Top of DATASET EXTRACT

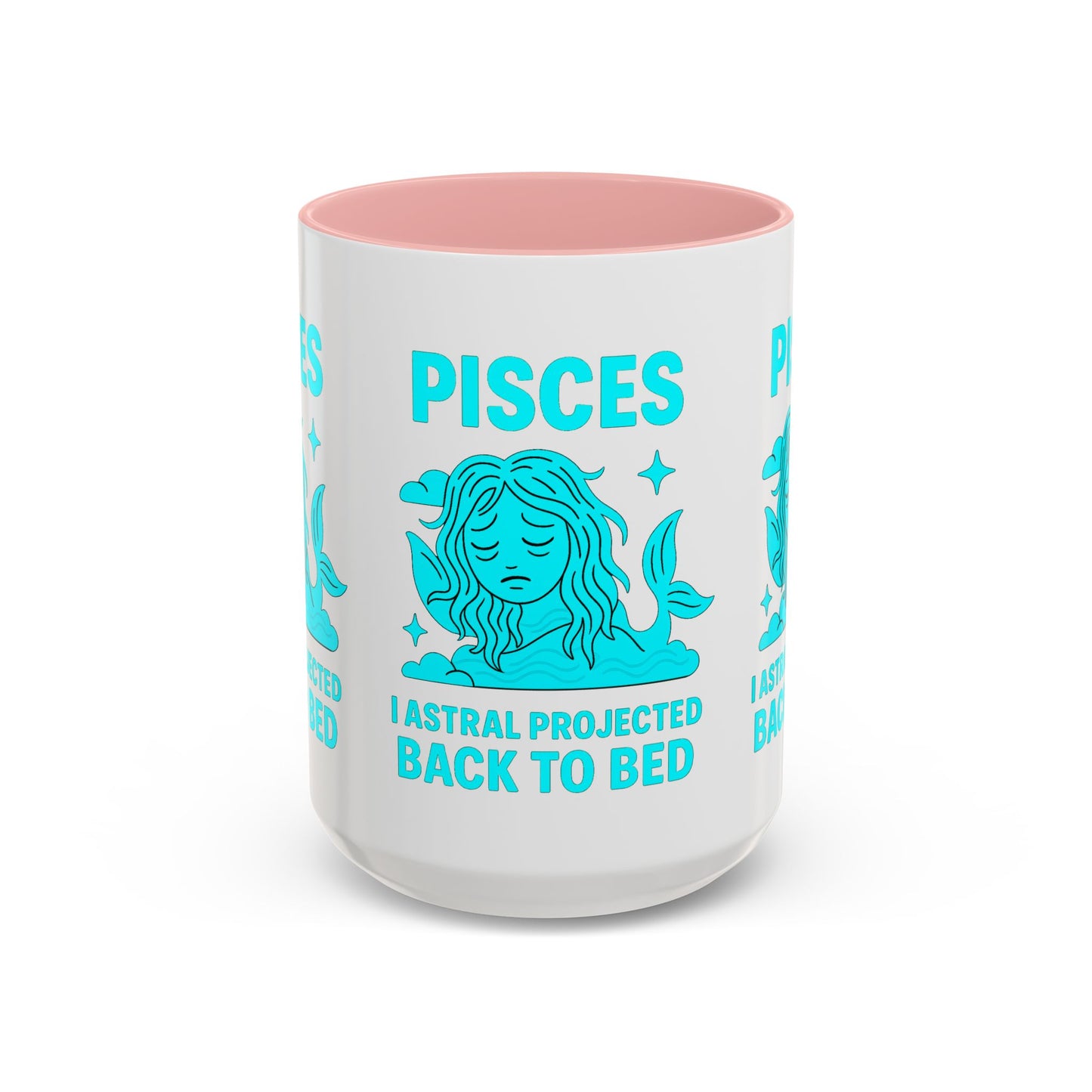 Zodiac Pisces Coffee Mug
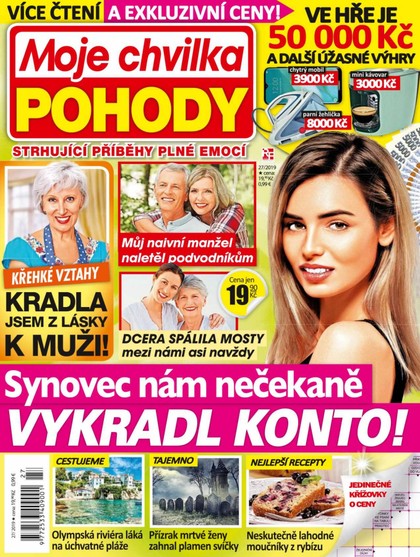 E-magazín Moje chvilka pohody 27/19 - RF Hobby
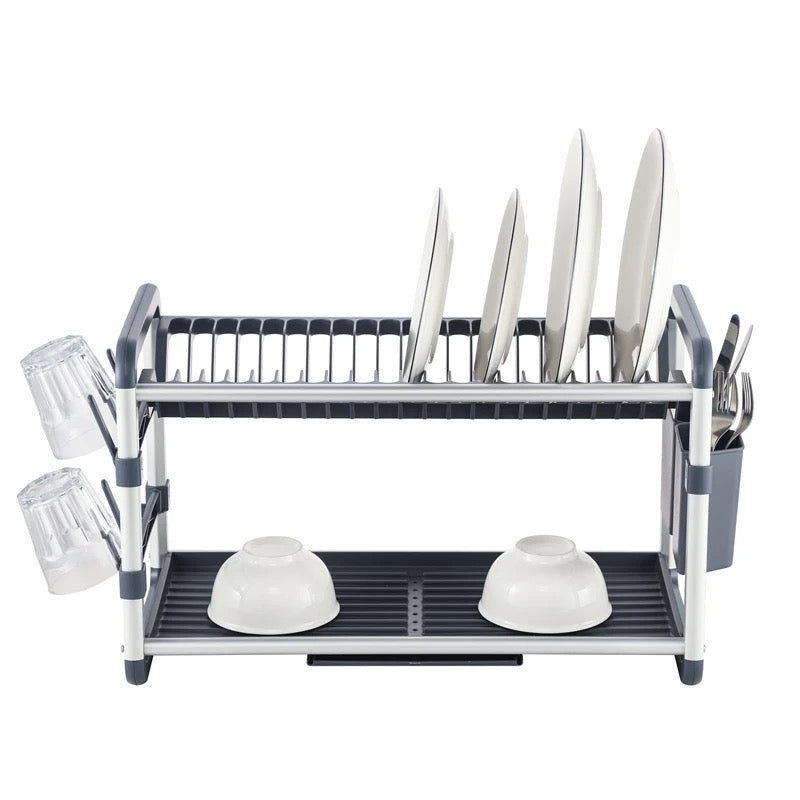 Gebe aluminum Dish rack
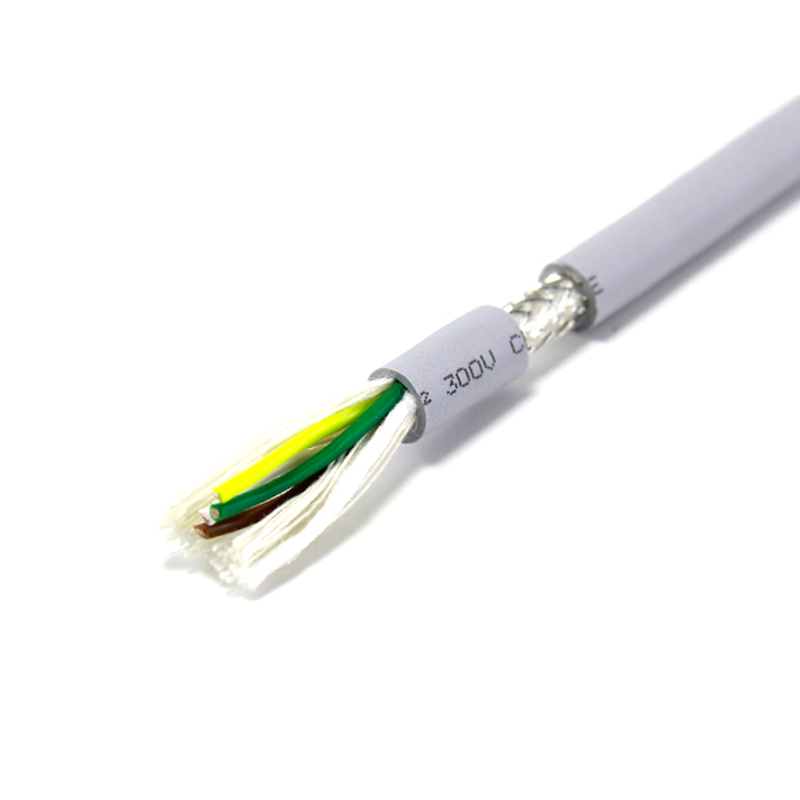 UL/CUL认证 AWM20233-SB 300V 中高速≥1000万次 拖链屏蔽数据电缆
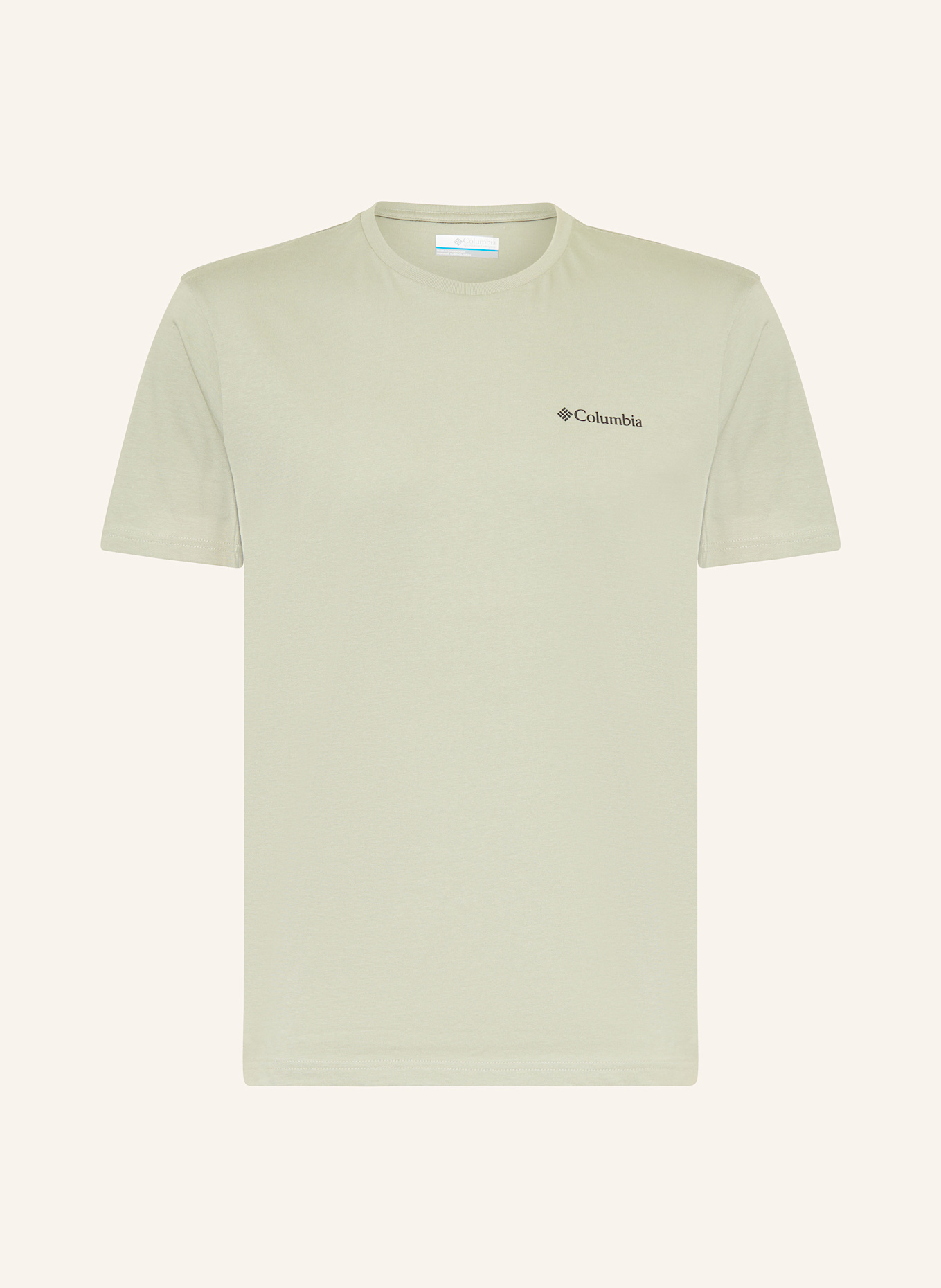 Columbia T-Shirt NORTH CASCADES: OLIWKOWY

Bottom of DATASET EXTRACT

● WHAT TO PRODUCE
Could you return exactly the lines starting with the one that contains "E-magazín Moje chvilka" and ending with the last line of the data above? Leave the pictures out.

● WORKED SOLUTION
 E-magazín Moje chvilka pohody 27/19 - RF Hobby
 Gebe aluminum Dish rack
 UL/CUL认证 AWM20233-SB 300V 中高速≥1000万次 拖链屏蔽数据电缆
 Columbia T-Shirt NORTH CASCADES: OLIWKOWY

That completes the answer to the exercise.